Forgive intensity of this post, dear blog reader, have just returned from watching 300 when self thought all along hubby was driving us to Menlo Park to see The Lives of Others.
Oh well, that’s OK. Since Berlin audiences gave 300 standing ovation at Berlin Film Festival, and star Gerard Butler has faintly Germanic accent (though he is Scottish), and all sorts of Wagnerian (and loud rock) music have been pounding eardrums for last two hours, similarities with The Lives of Others probably many (though won’t have definitive last word on this issue until I see that movie).
Well, how could I have gotten so mixed up and confused that I thought we were going to watch the Oscar-winning Best Foreign Film? Was it because I quoted hubby the matinee time? And because hubby had never breathed a syllable, in all the past three weeks, about wanting to see 300?
No matter. We were there. And as friend in Diamond Bar, CA used to tell me, If you’re already wet, you might as well go in all the way, or something to that effect.

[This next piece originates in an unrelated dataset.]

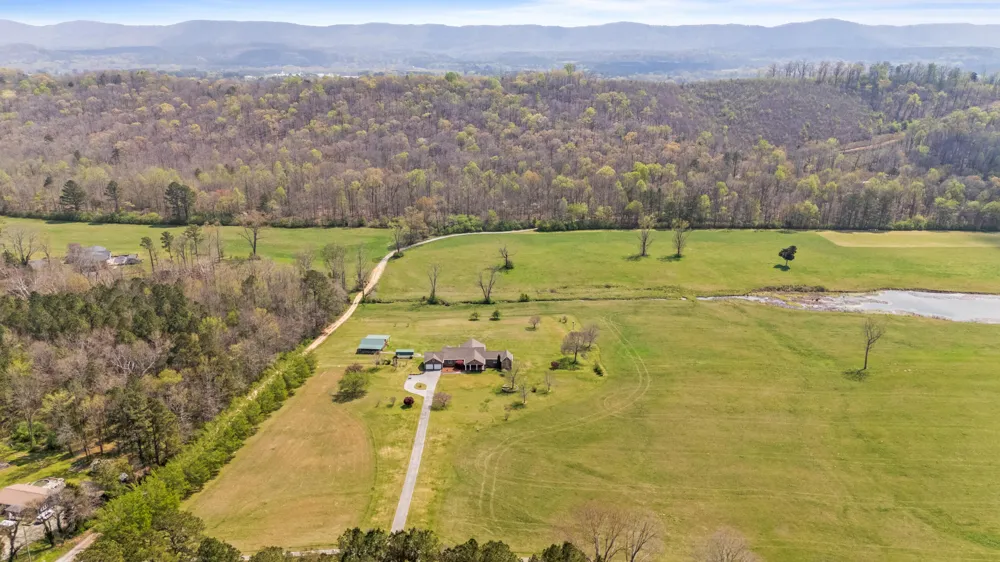 1597 Back Berryton Road Summerville, GA 30747
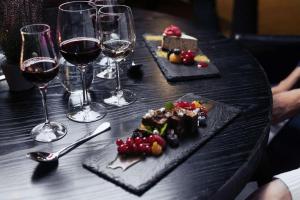 uma mesa com copos de vinho e comida em Norefjell Ski & Spa, an Ascend Hotel Collection Member em Surteberg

Anyway, I surprised myself by hugely, and I mean HUGELY enjoying this movie. So many magnificent torsos on display! Whereas, in the last few weeks, caught only a five-minute glimpse of Hugh’s (in Music & Lyrics) and skinny chest of James McAvoy in The Last King of Scotland.
Suddenly, here, in this one movie, are a surfeit of highly toned abs. And the actor who played Faramir in Lord of the Rings (though he does end movie missing an eye). And one bodacious Queen. And trans-sexual Xerxes. And one terribly malformed, humpbacked Spartan who gets mad because King Leonidas says he is too short to fight with the rest of his men (Well,he was! Let’s not fault King Leonidas for calling a spade a spade!). And various molten-faced seers. And one indeed very fetching tall lad who unfortunately gets his head sliced off. And — ?
Should I continue, dear blog reader? Maybe not. Am afraid I will give away the plot of the whole movie. Though if you remember your Greek history you will know how it ends.
Anyway, the movie was like poetry to me, sheer poetry. Will urge son to see it, as soon as he steps in the door. And enjoyment not in the least curtailed by hubby digging his hand into my small bag of popcorn, even though he said he didn’t want anything when I asked.
Anyway, there I was hollering and hooting and laughing my head off, and clutching hubby’s arm and saying things like, “What’s that they’re shouting?” And, “He’s going to give away the goat path!” and, “Is Xerxes a transvestite?” and, “He’s going to diiiieeee”, and, trust me, since sixth sense has been honed on such movies since the age of eight (when Dearest Dad snuck me in to see The Adventurers, and promised ticket girl he would cover my eyes and forgot), I always correctly predict imminent demise of major (or minor) characters.
Anyway, feel so refreshed now. As if self could take on a whole horde of students, screaming as loudly as the Persians. Cathartic, positively cathartic.